Florida sued by LGBTQ legal & advocacy groups over “Don’t Say Gay” law

“Children should not be the political fodder used to inflame hatred and bigotry for the sake of winning and holding onto power”

Published

on

Courtesy of Will Larkins

ORLANDO – On Tuesday Lambda Legal, the Southern Poverty Law Center (SPLC), Southern Legal Counsel (SLC), and private counsel Baker McKenzie filed a federal lawsuit challenging the Florida’s “Don’t Say Gay” law.

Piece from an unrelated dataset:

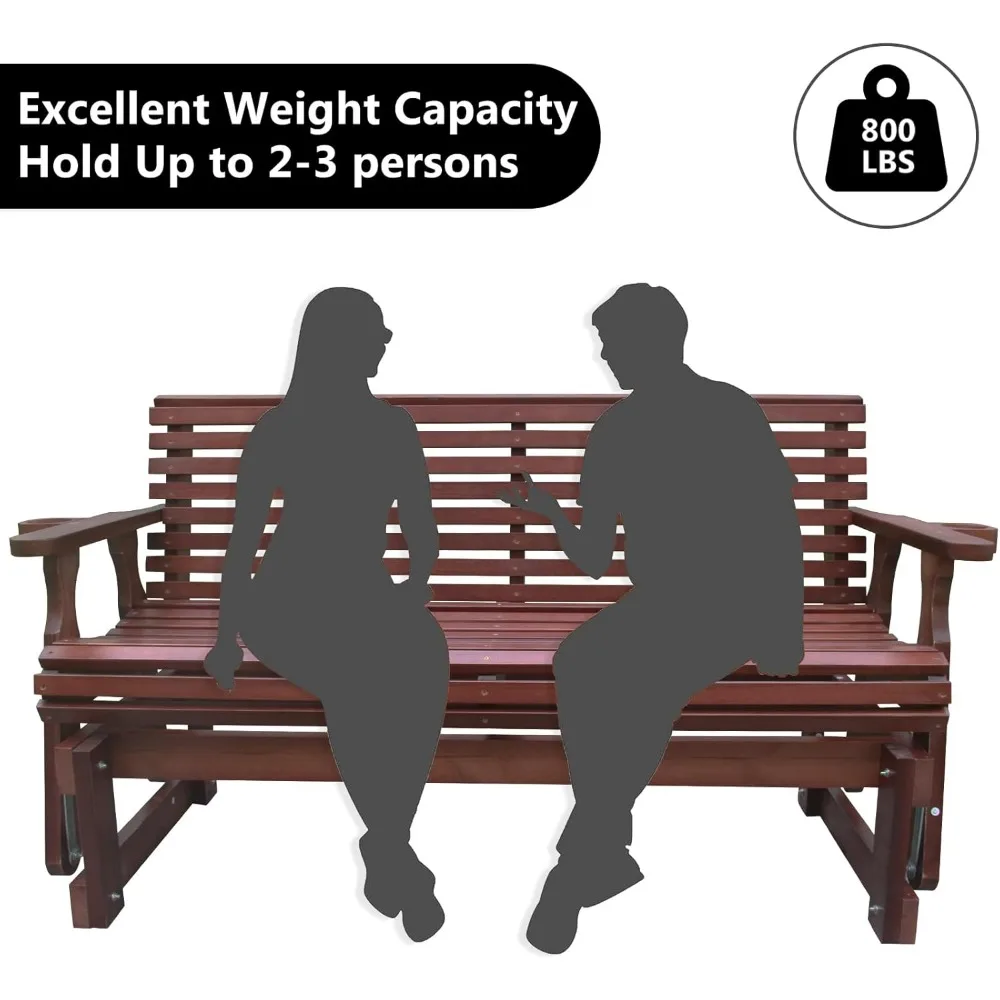 5FT Heavy Duty 800 LBS Porch Glider, with 2 Cupholders and Deep Contoured 2-Seater, Patio Benches
5FT Heavy Duty 800 LBS Porch Glider, with 2 Cupholders and Deep Contoured 2-Seater, Patio Benches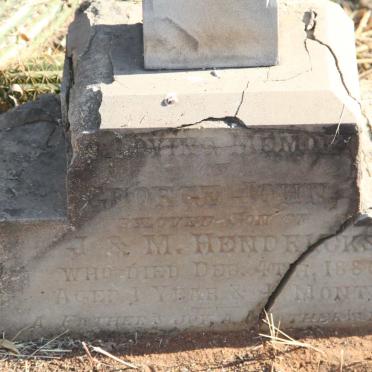 HENDRICKS George John -1886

The suit, Cousins et al. v. The School Board of Orange County et al, filed in United Stated District Court for the Middle District of Florida Orlando Division, was filed on behalf of Jennifer and Matt Cousins and their children, 14-year-old N.C. in ninth grade, 12-year-old S.C. in seventh grade, 8-year-old M.C. in third grade, and 6-year-old P.C. in first grade, David Dinan and Vikranth Reddy Gongidi and their children, 9-year-old K.R.D. in fourth grade and 8-year-old R.R.D. in third grade,  Will Larkins, rising senior at Winter Park High School in Orange County, Florida and Centerlink, Inc. LGBTQ+ centers. 

The lawsuit argues that the law, which bans discussion of sexual orientation and gender identity in grades K-3 and restricts such discussions for students through grade 12 based on undefined standards of appropriateness, effectively silences and erases LGBTQ+ students and families. The law demands that school districts implement its terms, and it empowers any parent to directly sue the school district if they are dissatisfied with its implementation of the law.

“The purpose and effect of this breathtakingly broad law is to silence LGBTQ+ students and families, and the law’s imprecision intensifies its chilling effect. Because the law invites any parent dissatisfied with a school’s censorship of LGBTQ-related speech to sue the school district and collect attorney fees, it causes schools to aggressively control discussions that might trigger the type of moral objection that gave rise to this law,” said Kell Olson, Lambda Legal Staff Attorney. “Already, schools have cut anti-bullying guidance for K-12 teachers and pulled books from shelves. LBGTQ+ parents are struggling to find gentle ways to explain to their children why they won’t be able to talk openly about their families when they go back to the classroom in a few weeks. This discriminatory law puts students at risk and sends a message of shame and stigma that has no place in schools.”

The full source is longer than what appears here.